Exact transcription of the data below is required, without the images.

Data:
****************

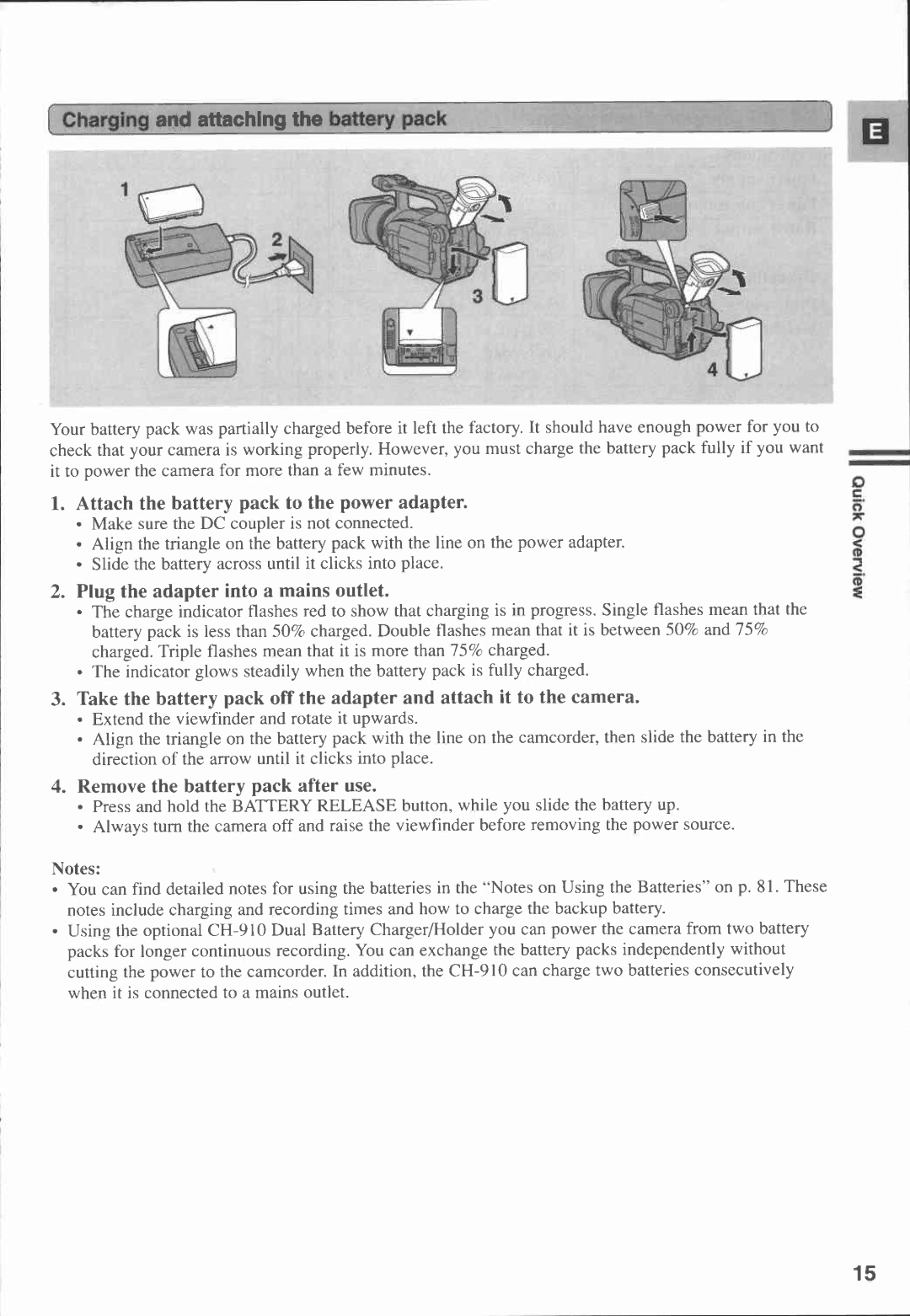 Canon XM1 manual 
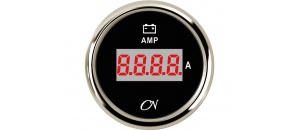Ampèremeter digitaal zwart/chroom CN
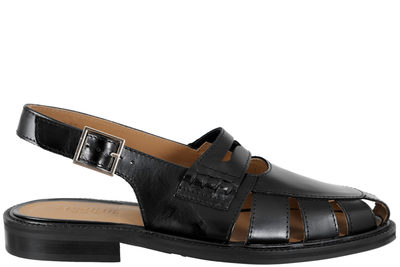 salg af ANGULUS SLINGBACK I SORT GLAT SKIND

****************

Answer area:
 Canon XM1 manual 
Ampèremeter digitaal zwart/chroom CN
 salg af ANGULUS SLINGBACK I SORT GLAT SKIND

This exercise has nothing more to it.